Stored dataset items
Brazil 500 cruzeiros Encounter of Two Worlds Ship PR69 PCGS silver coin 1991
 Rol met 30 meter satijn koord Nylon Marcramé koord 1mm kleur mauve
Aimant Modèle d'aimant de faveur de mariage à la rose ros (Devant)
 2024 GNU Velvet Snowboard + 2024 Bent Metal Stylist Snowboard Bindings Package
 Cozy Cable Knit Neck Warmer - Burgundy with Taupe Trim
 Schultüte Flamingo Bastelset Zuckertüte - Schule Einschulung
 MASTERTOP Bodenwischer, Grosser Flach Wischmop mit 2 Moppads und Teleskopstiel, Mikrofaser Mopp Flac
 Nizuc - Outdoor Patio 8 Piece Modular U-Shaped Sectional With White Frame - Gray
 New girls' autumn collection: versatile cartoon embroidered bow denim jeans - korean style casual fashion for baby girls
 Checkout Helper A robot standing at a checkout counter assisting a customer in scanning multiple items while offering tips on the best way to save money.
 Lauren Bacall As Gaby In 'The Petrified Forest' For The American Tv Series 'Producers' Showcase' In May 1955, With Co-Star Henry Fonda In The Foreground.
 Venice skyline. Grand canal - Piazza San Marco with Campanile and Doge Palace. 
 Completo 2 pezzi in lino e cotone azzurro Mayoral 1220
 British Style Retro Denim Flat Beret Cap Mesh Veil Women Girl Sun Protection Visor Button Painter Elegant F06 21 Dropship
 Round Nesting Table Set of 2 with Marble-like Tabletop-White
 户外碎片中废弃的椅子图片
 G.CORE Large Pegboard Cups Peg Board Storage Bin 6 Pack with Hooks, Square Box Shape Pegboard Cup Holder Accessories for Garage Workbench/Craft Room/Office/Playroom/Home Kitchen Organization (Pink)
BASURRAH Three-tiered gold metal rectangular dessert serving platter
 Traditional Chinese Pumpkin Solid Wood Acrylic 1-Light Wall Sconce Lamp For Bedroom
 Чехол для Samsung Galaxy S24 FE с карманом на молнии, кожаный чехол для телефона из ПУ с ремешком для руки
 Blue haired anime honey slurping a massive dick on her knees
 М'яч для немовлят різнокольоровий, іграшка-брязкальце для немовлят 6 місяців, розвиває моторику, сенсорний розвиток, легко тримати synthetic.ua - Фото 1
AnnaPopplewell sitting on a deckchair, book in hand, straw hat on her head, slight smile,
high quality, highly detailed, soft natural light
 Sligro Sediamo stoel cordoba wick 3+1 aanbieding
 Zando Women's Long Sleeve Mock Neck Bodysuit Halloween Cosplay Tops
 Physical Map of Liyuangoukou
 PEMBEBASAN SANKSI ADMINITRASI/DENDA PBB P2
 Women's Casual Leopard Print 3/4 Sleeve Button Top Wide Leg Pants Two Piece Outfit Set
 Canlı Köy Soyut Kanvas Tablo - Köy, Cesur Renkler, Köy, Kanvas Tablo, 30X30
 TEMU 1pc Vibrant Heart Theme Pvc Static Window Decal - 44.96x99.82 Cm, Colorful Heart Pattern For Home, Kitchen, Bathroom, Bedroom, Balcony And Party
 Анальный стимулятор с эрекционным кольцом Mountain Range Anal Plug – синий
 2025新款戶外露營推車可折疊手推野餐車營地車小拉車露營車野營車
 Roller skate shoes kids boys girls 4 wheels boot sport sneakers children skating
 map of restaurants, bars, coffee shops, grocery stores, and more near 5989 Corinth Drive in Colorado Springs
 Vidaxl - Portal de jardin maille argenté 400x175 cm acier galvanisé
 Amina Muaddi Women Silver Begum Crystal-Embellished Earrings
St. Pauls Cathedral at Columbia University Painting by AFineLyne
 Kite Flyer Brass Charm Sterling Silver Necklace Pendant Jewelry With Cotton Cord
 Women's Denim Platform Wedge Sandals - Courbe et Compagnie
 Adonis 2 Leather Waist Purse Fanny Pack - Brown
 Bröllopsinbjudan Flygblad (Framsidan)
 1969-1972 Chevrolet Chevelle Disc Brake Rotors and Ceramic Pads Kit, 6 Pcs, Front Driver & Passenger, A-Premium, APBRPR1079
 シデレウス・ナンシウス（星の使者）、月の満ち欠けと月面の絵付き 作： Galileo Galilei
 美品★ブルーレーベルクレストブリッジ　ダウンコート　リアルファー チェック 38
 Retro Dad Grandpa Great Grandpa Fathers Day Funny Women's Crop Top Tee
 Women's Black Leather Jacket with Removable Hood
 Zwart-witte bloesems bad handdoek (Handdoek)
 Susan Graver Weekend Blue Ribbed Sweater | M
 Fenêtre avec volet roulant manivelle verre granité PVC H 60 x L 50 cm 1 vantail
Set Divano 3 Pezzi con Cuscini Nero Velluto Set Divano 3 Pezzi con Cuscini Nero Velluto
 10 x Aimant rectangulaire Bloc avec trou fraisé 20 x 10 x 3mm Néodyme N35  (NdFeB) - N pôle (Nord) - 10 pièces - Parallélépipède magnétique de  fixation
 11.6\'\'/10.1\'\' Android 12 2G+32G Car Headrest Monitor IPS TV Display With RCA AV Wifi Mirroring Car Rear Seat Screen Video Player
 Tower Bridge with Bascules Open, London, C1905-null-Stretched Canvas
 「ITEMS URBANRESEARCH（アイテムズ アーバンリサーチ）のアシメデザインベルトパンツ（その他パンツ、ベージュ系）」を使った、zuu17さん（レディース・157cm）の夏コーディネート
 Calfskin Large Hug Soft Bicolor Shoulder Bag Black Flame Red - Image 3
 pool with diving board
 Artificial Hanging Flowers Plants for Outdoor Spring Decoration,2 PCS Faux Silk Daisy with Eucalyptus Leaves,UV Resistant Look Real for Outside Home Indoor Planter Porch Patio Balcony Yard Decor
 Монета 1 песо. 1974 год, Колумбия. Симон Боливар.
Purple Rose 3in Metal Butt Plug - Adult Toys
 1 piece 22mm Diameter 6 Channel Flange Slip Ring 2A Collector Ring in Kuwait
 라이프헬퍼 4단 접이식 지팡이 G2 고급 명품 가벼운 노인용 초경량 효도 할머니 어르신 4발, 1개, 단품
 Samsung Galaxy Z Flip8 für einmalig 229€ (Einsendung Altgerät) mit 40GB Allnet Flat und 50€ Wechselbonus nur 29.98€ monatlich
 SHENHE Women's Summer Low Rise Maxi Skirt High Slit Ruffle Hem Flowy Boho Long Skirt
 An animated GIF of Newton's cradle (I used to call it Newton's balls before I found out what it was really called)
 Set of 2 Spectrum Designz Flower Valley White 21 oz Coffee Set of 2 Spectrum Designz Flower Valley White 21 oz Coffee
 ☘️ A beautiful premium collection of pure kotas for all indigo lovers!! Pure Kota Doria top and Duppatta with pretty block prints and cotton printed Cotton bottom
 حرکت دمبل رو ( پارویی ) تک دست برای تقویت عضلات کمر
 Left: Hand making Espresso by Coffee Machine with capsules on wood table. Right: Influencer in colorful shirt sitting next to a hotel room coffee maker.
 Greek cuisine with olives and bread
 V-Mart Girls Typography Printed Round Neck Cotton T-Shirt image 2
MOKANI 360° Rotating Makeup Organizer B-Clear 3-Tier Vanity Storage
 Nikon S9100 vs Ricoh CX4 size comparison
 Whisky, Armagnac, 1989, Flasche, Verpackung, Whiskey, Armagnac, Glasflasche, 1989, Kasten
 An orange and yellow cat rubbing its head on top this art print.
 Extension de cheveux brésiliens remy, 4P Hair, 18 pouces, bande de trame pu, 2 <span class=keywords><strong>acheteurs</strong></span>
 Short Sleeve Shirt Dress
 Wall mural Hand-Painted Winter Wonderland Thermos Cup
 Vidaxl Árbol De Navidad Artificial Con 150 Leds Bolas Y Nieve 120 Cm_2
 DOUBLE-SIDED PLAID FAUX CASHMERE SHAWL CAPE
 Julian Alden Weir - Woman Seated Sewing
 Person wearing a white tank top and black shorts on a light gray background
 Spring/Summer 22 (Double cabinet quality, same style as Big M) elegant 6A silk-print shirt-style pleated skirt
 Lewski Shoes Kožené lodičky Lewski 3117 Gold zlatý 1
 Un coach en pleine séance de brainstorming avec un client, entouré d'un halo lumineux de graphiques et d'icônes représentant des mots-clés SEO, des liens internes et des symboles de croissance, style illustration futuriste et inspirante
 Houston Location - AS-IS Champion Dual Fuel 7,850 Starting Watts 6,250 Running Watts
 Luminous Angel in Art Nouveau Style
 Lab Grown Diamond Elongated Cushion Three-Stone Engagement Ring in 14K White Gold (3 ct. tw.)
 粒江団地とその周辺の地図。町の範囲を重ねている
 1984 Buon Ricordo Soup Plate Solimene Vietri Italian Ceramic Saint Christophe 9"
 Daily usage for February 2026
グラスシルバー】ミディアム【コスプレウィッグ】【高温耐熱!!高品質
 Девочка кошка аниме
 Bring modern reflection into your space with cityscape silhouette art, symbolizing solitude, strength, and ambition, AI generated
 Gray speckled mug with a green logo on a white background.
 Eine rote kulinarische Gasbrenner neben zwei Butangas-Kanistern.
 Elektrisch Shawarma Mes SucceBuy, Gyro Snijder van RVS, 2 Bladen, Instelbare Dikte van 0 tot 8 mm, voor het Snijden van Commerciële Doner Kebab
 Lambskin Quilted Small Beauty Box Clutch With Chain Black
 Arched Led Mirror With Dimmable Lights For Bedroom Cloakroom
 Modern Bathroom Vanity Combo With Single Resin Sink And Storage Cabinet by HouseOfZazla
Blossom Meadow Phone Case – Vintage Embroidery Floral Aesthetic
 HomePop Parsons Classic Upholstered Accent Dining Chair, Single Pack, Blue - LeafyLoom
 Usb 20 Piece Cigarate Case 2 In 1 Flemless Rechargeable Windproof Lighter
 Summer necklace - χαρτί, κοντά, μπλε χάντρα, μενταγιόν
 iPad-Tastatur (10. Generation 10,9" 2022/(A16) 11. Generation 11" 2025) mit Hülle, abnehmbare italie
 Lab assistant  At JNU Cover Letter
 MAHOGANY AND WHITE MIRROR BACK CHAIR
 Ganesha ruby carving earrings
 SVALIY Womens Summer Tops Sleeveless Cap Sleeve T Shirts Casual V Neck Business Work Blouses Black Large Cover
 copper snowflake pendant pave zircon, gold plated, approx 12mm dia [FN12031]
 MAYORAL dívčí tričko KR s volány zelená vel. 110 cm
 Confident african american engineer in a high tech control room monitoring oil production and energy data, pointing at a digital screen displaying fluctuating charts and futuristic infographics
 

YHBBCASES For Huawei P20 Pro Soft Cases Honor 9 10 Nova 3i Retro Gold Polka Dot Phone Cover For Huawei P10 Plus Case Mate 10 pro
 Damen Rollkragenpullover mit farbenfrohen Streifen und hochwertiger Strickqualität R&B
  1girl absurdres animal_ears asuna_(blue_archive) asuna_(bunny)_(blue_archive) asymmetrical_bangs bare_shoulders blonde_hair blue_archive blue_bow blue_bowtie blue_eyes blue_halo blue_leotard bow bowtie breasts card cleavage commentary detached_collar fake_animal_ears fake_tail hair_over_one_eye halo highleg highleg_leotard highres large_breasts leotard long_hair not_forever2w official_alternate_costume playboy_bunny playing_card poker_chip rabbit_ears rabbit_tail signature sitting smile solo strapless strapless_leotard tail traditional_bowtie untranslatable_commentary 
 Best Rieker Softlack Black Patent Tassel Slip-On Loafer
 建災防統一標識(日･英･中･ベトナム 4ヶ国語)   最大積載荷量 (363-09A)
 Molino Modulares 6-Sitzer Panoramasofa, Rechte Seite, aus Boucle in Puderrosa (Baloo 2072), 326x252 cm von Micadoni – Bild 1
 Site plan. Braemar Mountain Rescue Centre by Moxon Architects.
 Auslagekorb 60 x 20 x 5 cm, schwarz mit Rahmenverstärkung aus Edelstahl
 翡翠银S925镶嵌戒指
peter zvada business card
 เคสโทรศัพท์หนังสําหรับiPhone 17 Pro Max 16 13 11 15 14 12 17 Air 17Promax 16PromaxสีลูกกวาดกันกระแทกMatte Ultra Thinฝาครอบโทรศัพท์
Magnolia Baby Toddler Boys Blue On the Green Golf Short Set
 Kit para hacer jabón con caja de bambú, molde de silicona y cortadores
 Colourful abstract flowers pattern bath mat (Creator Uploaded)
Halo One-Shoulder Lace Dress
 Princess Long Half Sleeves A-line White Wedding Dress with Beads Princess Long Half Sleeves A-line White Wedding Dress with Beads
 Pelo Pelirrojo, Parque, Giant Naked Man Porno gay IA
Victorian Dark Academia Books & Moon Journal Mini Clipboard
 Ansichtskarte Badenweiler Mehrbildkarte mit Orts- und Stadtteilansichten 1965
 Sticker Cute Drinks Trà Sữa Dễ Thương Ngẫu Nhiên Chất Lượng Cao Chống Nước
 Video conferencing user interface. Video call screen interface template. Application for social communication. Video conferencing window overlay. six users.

* **WORK REQUIRED**:
Return each line from the entries above that includes "quality".

* **RESPONSE BELOW**:
high quality, highly detailed, soft natural light
 Spring/Summer 22 (Double cabinet quality, same style as Big M) elegant 6A silk-print shirt-style pleated skirt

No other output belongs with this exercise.